Since the time limit threshold is stated as 10 minutes. I've temporarily paused the stack as an effort to clear this constraint. We'll likely still have to re-factor the landsat-ingestor to request fewer download urls, or act on them more rapidly.
from landsat_ingestor.
heyo @kapadia, thanks for the info
There are still a few scenes that squeeze through this constraint.
to clarify, this means if > 10 downloads are attempted within 10 minute limit is the issues that the majority are failing? ie a few sneak through
I've temporarily paused the stack as an effort to clear this constraint.
sounds like this might exacerbate the issue if there will then be a greater backlog of imagery to download, no? trying to get a grasp on how the queue is working here (poking at the puller utils).
from landsat_ingestor.
Hiya @camillacaros -
I'm still trying to understand the exact meaning of the error posted above. My interpretation based purely on the message is that if 10 download urls have been requests AND not attempted, then USGS will return an error.
In it's current state, the landsat-ingestor uses parallel
to request 10 scenes at a time. Because we still experience a high number of 503s from USGS servers, we likely surpass the limit of untried downloads by a large margin.

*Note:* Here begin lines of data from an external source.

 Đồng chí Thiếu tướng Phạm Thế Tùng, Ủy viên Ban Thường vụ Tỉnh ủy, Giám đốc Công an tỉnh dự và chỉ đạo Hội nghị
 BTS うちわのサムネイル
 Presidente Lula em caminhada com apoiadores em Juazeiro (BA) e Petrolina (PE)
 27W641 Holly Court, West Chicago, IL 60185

Temporarily pausing the stack is an effort to clear out the 10 untried download constraint that USGS is now tracking.
from landsat_ingestor.
@kapadia You might find turning the parallel's down to 5 or 6 mostly clears the "more than 10 outstanding download urls".
from landsat_ingestor.
@warmerdam Yes that's one change to be made, however, (I think) the 503s that we continue to encounter contribute to the limit. This would result in amounting many download urls that have not been marked as accessed.
from landsat_ingestor.
To better understand the rate limiting, I hit USGS servers in various ways. The gist posted above helps confirm that a user cannot have more than 10 download urls that have not been accessed (e.g. you can't just hoard urls, you gotta use them). We crossed that line pretty quickly by running 10 concurrent downloads, while also continuing to get 503s.
After testing a few levels of concurrency, it seems it's best to stick with 2 - 3 concurrent downloads. This will have an impact on the job time, though the extent is not yet clear since the current job is working through the back log.

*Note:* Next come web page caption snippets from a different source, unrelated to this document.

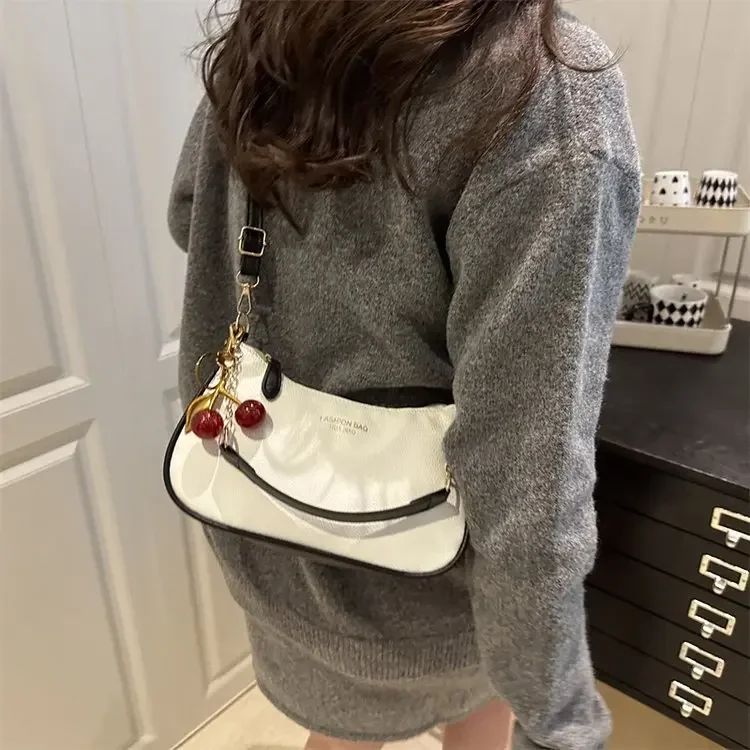 Cherry Pedant Shoulder Underarm Bag Women's Fashion Handbags Causal Hobos Purses Ladies Hand Bags Pu Leather for Work Travel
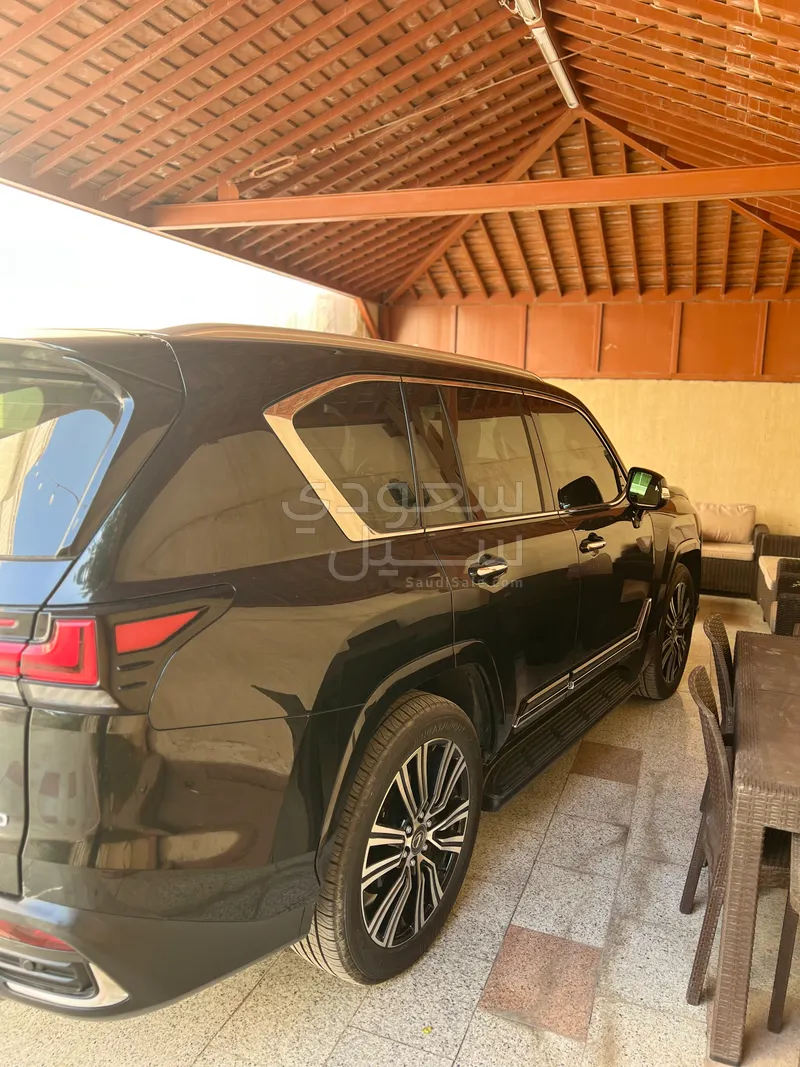 2024 لكزس إل إكس 600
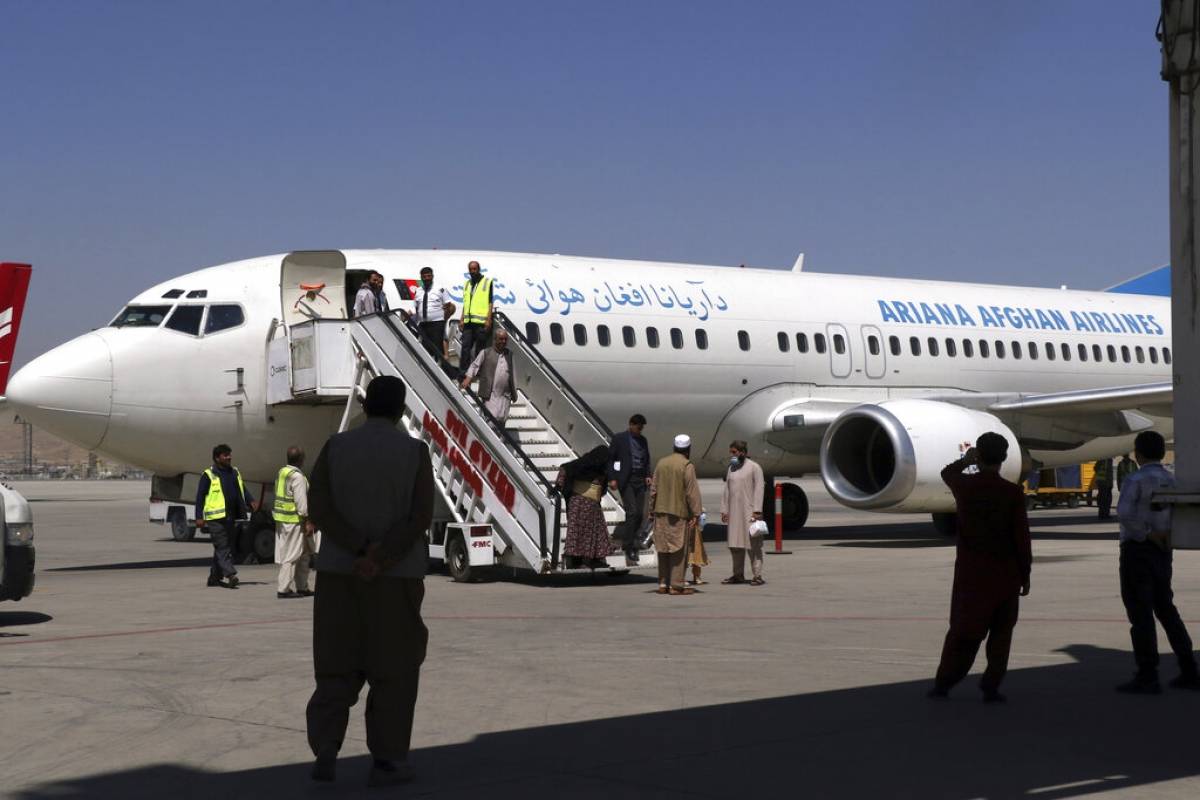 El Talibán impide la partida de cuatro aviones de evacuación - Vimarsana News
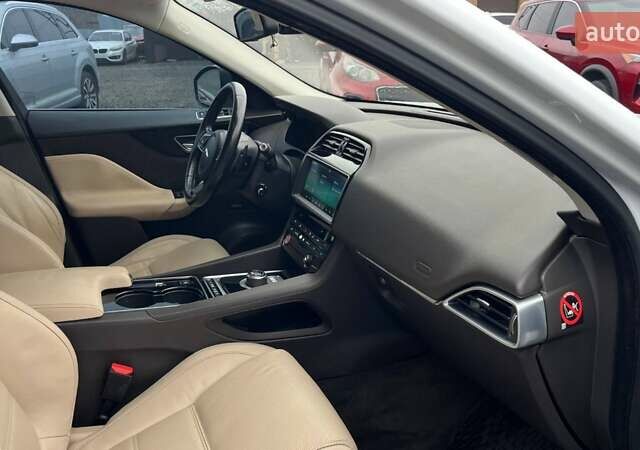 Белый Ягуар Ф-Пейс, объемом двигателя 3 л и пробегом 173 тыс. км за 14900 $, фото 23 на Automoto.ua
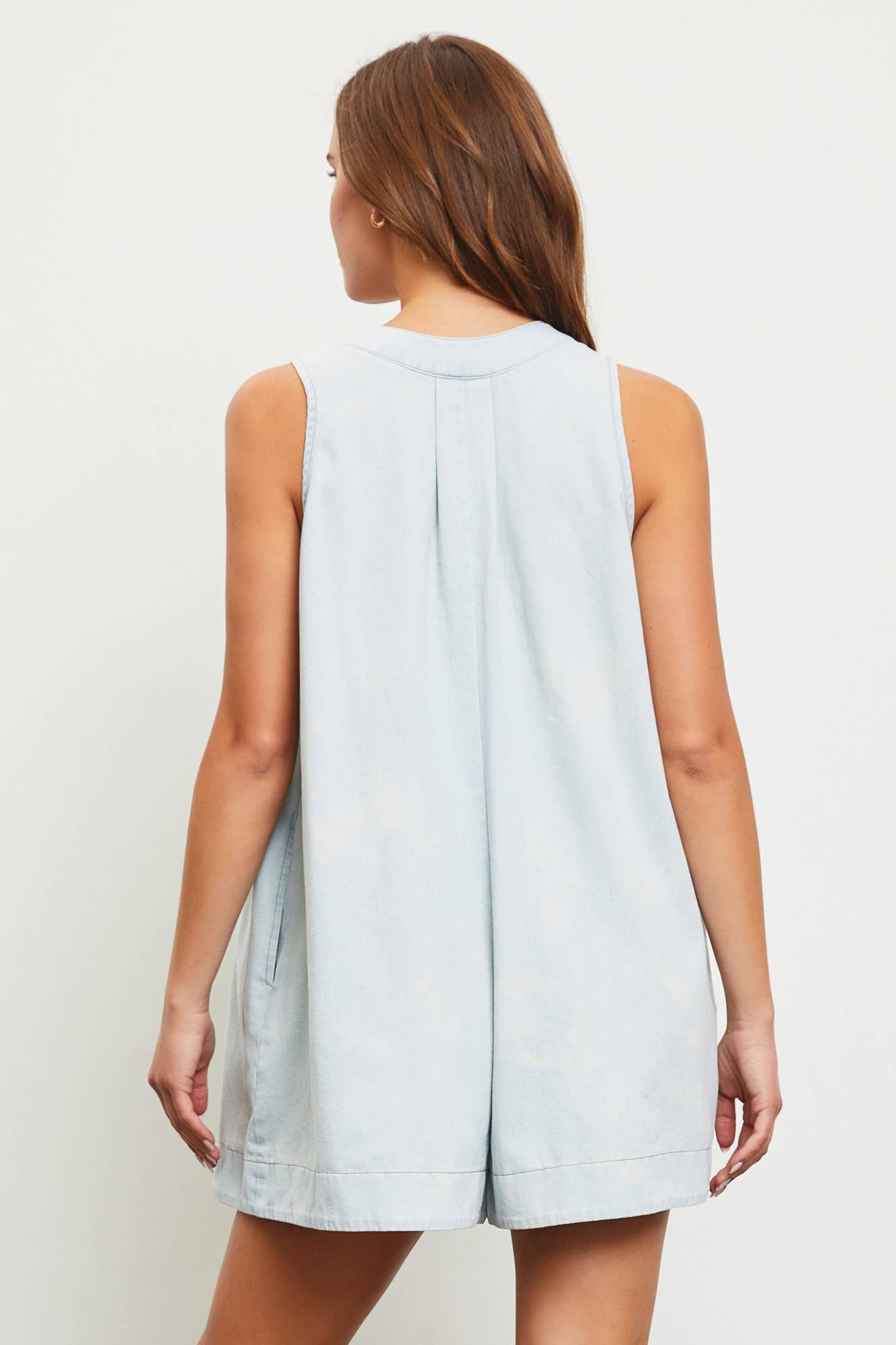 TIE WITH PLEATED DENIM ROMPER: WASHED DENIM / DS0590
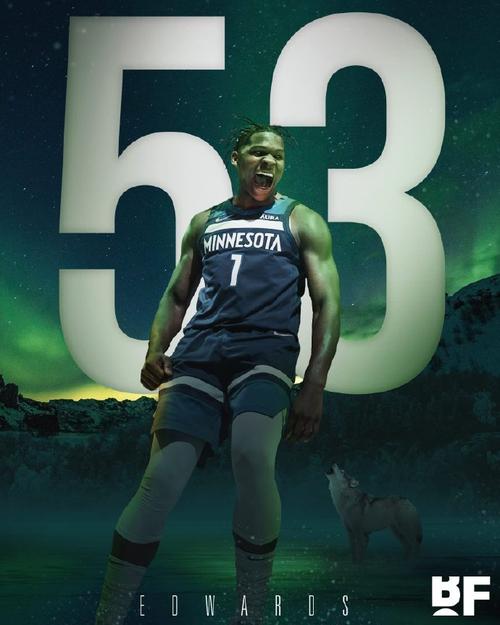 又“无鞋”了~兰德尔转身掉鞋被迫传球 爱德华兹高难急停后仰中投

The stack is running again, and does not have any signs of the rate limiting error or 503s.
from landsat_ingestor.
(e.g. you can't just hoard urls, you gotta use them). We crossed that line pretty quickly by running 10 concurrent downloads, while also continuing to get 503s
ah interesting. thanks for the dig & fix @kapadia !
from landsat_ingestor.
np C-dawg.
from landsat_ingestor.
Related Issues (17)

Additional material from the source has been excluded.